*** Material to process ***
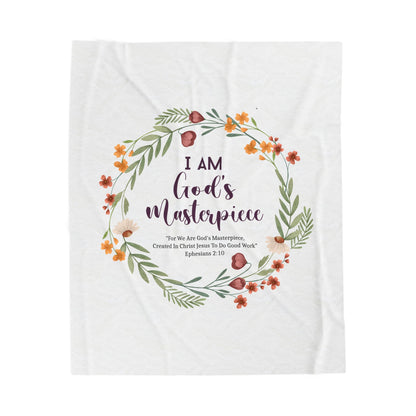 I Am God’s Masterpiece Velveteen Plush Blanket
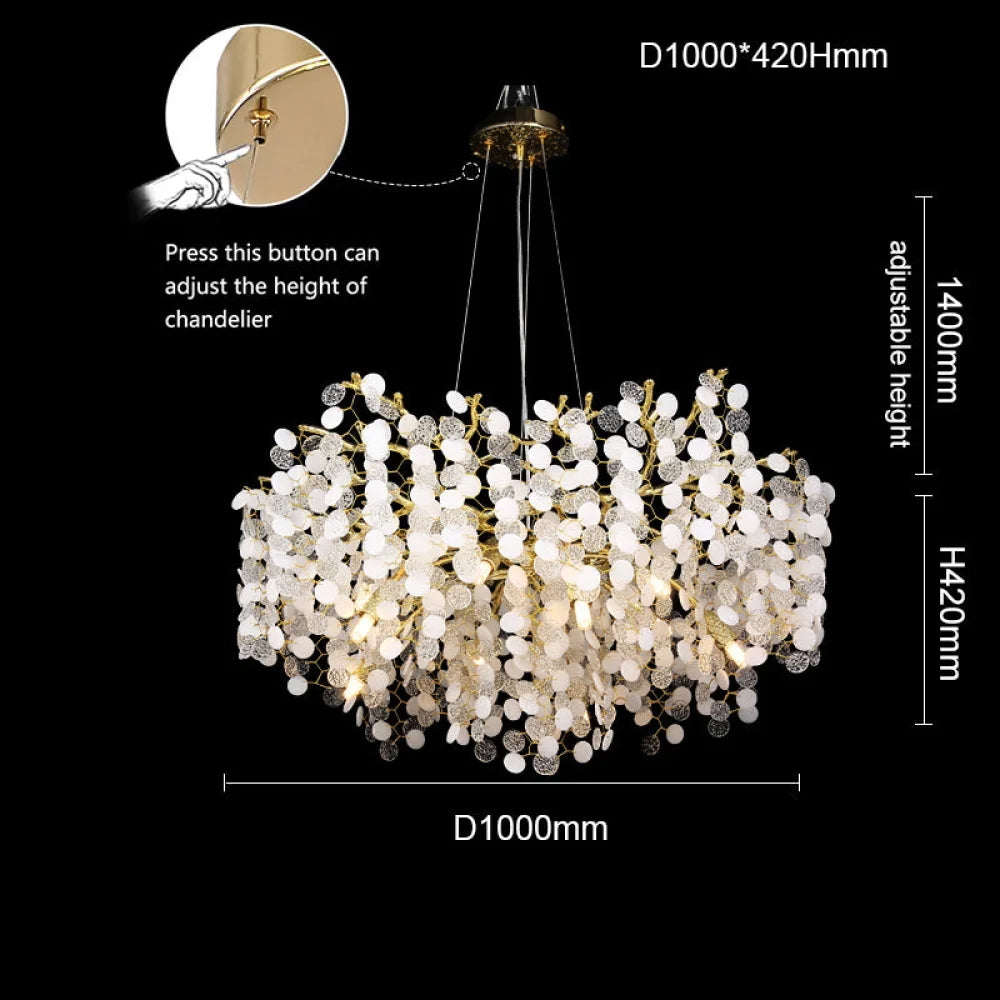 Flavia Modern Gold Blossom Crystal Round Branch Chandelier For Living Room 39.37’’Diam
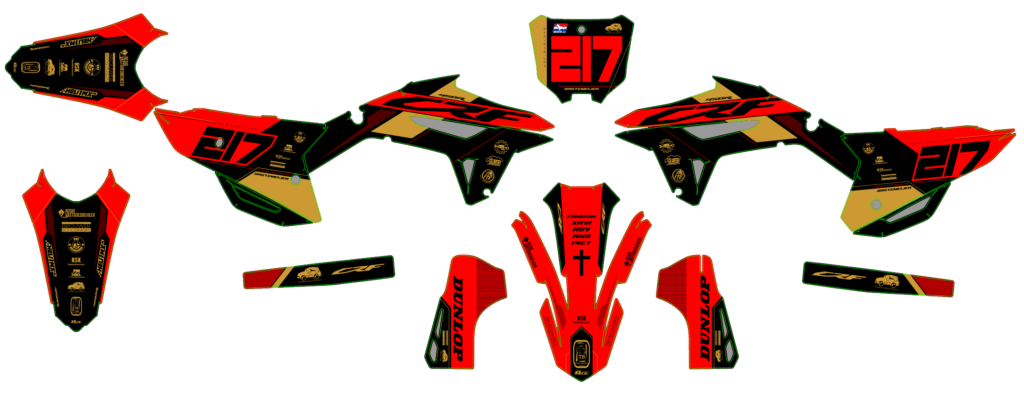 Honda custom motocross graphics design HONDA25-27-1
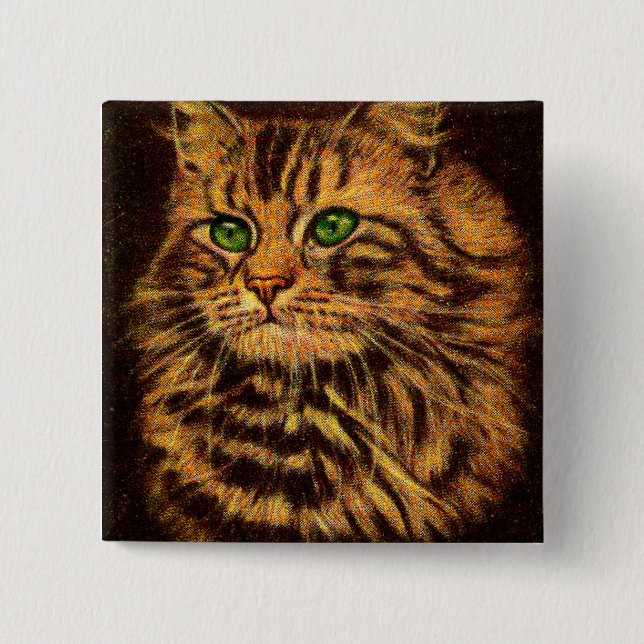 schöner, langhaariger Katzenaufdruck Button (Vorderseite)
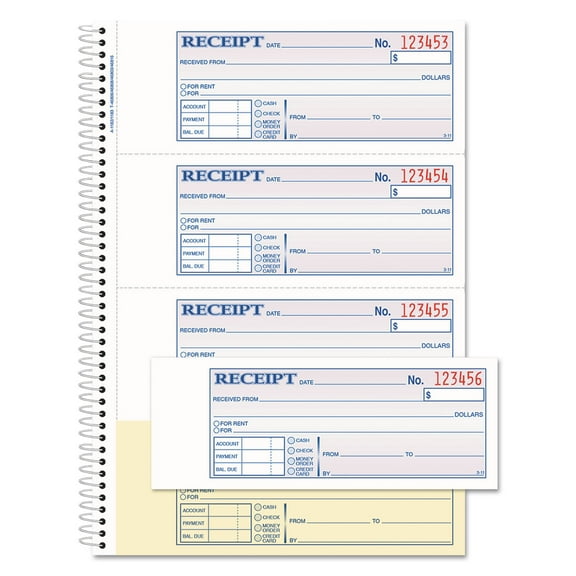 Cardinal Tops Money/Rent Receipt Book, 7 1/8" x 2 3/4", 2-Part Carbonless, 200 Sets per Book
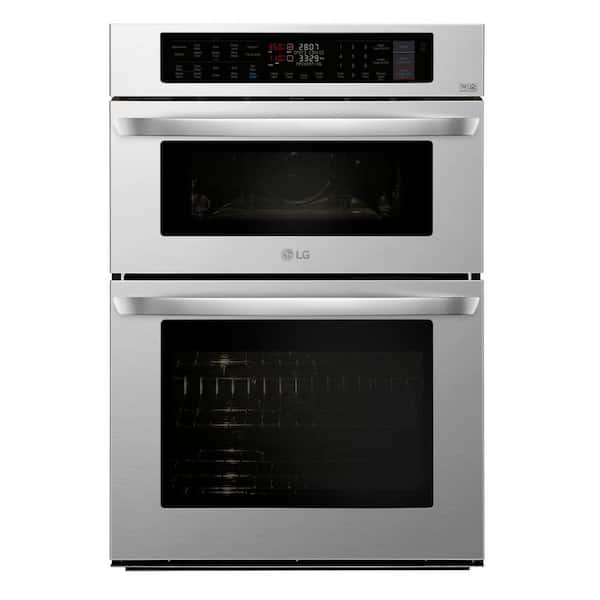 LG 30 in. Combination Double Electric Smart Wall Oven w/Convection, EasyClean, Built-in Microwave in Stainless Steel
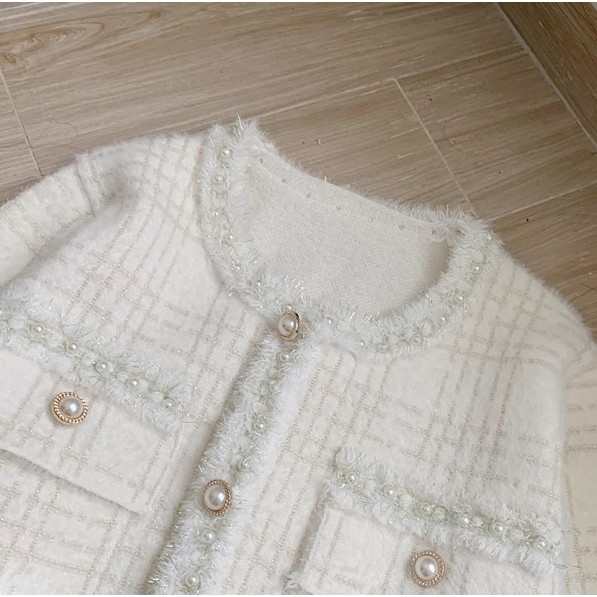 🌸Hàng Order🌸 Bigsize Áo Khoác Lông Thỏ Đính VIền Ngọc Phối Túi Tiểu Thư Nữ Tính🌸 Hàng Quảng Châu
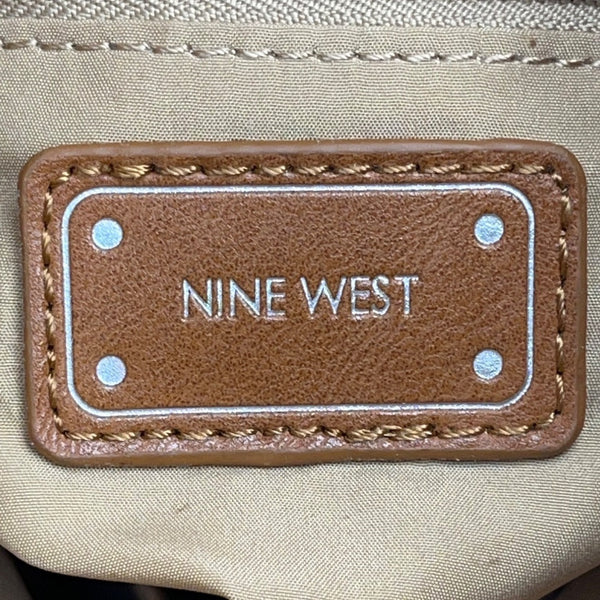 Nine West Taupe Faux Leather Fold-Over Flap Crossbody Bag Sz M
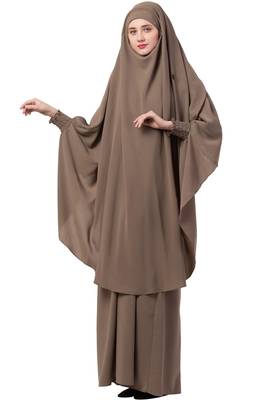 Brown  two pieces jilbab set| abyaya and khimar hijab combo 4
*** End of Material to process ***
What the exercise asks:
With pictures omitted, reproduce exactly the lines from the line containing "Cardinal Tops Money/Rent" through the end of the data above.

Solution below:
 Cardinal Tops Money/Rent Receipt Book, 7 1/8" x 2 3/4", 2-Part Carbonless, 200 Sets per Book
 LG 30 in. Combination Double Electric Smart Wall Oven w/Convection, EasyClean, Built-in Microwave in Stainless Steel
 🌸Hàng Order🌸 Bigsize Áo Khoác Lông Thỏ Đính VIền Ngọc Phối Túi Tiểu Thư Nữ Tính🌸 Hàng Quảng Châu
 Nine West Taupe Faux Leather Fold-Over Flap Crossbody Bag Sz M
 Brown  two pieces jilbab set| abyaya and khimar hijab combo 4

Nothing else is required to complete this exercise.